Therapeutic inhibition of LtβR significantly delays demyelination. A, C57BL/6 mice were treated with 0.2% cuprizone for 3.5 weeks. Mice received weekly injections (indicated by small arrows) of either LtβR–hIg or control human Ig beginning at day −1 of cuprizone treatment. B, Significant differences in demyelination were observed between LtβR–hIg-treated and control human Ig-treated mice after 3.5 weeks of cuprizone treatment (p < 0.02). LFB–PAS-stained paraffin sections were graded on a scale of 0 (normal myelination) to 3 (complete demyelination) by three double-blinded investigators. Each circle represents an individual mouse: open circles, control human Ig-treated mice; filled circles, LtβR–hIg-treated mice. Horizontal lines indicate the median score of each group.
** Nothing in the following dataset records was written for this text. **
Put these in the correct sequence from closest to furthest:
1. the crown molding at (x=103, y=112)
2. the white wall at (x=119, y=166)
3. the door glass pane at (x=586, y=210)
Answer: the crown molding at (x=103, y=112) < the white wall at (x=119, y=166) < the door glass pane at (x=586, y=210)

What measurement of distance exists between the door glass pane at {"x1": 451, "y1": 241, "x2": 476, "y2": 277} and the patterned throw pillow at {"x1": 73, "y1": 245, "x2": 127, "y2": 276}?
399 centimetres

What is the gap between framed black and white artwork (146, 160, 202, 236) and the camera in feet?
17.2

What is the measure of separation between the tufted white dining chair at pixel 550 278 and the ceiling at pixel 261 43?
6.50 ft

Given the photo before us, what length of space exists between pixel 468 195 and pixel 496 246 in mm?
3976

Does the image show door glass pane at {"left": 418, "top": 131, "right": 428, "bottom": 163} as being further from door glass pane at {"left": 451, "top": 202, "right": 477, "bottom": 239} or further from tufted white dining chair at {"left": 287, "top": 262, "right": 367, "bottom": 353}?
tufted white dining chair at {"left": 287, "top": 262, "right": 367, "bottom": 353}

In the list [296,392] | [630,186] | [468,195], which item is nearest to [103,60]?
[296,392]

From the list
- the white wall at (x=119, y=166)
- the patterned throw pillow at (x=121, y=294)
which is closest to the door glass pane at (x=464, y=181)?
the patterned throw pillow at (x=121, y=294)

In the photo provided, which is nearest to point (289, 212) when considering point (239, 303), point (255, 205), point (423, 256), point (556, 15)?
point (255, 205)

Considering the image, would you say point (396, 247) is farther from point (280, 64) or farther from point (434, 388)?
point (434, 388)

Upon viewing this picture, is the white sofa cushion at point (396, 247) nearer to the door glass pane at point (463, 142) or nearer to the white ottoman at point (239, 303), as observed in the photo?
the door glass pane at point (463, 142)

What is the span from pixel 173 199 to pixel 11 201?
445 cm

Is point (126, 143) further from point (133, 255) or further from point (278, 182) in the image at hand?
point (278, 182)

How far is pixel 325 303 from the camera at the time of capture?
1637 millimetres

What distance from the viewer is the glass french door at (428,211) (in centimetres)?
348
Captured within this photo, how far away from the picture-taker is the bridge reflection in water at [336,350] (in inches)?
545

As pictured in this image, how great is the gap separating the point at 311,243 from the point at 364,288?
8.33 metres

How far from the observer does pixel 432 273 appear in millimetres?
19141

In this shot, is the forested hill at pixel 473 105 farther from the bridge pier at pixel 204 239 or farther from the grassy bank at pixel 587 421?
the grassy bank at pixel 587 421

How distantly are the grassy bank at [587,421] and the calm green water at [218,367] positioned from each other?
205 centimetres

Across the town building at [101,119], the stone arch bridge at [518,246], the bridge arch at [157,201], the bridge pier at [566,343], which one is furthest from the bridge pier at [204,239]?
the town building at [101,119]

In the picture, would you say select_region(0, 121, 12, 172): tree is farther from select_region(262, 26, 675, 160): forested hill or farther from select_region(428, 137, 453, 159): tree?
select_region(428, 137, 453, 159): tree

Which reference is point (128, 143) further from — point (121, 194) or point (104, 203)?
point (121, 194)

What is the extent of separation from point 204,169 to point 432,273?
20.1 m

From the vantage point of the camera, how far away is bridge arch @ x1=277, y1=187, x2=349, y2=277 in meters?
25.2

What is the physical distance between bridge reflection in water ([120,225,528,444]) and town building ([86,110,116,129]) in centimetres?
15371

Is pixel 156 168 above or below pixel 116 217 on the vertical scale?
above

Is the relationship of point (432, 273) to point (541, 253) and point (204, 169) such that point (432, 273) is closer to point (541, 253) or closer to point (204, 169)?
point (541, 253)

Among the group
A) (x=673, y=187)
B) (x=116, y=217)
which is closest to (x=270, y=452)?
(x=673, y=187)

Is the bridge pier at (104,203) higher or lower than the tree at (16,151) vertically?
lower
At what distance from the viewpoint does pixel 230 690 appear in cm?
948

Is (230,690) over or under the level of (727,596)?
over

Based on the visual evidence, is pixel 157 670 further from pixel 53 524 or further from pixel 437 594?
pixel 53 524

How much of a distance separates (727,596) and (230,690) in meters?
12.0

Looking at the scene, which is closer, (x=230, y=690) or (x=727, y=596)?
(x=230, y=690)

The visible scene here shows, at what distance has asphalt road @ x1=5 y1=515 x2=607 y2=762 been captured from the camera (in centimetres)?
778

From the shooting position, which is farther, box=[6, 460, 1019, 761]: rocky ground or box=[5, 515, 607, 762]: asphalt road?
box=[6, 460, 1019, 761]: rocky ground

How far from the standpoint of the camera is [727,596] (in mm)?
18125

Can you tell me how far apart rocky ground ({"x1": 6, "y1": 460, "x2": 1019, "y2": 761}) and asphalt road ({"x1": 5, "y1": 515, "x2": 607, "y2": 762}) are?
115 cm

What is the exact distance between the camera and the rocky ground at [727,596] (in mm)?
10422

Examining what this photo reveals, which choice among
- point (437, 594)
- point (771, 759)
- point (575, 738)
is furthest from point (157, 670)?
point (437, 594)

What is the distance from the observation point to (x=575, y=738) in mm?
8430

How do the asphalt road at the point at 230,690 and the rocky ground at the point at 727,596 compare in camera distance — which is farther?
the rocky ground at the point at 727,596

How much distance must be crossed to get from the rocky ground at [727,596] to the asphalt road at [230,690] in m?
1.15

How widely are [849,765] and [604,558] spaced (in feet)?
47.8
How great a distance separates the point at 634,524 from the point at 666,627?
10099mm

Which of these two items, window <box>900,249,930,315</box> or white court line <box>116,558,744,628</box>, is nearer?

C, Representative LFB–PAS pictures at 3.5 weeks of treatment demonstrate the delay in demyelination in control human Ig-treated mice (i) compared with LtβR–hIg-treated mice (ii). High-magnification images of the corpus callosum of control human Ig-treated mice (iii) and LtβR–hIg-treated mice (iv) demonstrate the lack of myelinated fibers and increased inflammation in control human Ig-treated mice during demyelination. Immunohistochemistry for MBP confirmed the presence of more myelinated fibers in LtβR–hIg-treated mice (vi) compared with control human Ig-treated mice (v).

Figure 6.

Therapeutic inhibition of LtβR significantly enhances remyelination in a posttreatment paradigm. A, C57BL/6 mice were treated with 0.2% cuprizone for 6 weeks and allowed to remyelinate for 4 weeks before they were killed. Mice received weekly injections of either LtβR–mIg or control mouse Ig beginning 5 weeks plus 2 d after the start of cuprizone treatment (the approximate height of demyelination), as indicated by small arrows. B, Remyelination was enhanced on inhibition of LtβR signaling. LFB–PAS-stained paraffin sections were graded on a scale of 0 (normal myelination) to 3 (complete demyelination) by three double-blinded investigators. Each circle represents an individual mouse: open circles, control mouse Ig-treated mice; filled circles, LtβR–mIg-treated mice. Horizontal lines indicate the median score of each group. Significant enhancement of remyelination was observed in LtβR–mIg-treated mice compared with mice treated with control mouse Ig (p < 0.007). C, Representative LFB–PAS pictures at 10 weeks demonstrate the enhanced remyelination in LtβR–mIg-treated mice (ii) compared with control mouse Ig-treated mice (i). High-magnification images of the corpus callosum of LtβR–mIg-treated (iv) and control mouse Ig-treated (iii) mice demonstrate the lack of myelinated fibers and greater inflammation in control mouse Ig-treated mice during remyelination. Immunohistochemistry for MBP confirmed enhanced remyelination in LtβR–mIg-treated mice (vi) compared with control mouse Ig-treated mice (v). Representative GSTπ-immunostained images of the corpus callosum demonstrating more oligodendrocytes in mice treated with LtβR–mIg inhibitor (viii) than mice treated with the control mouse Ig (vii).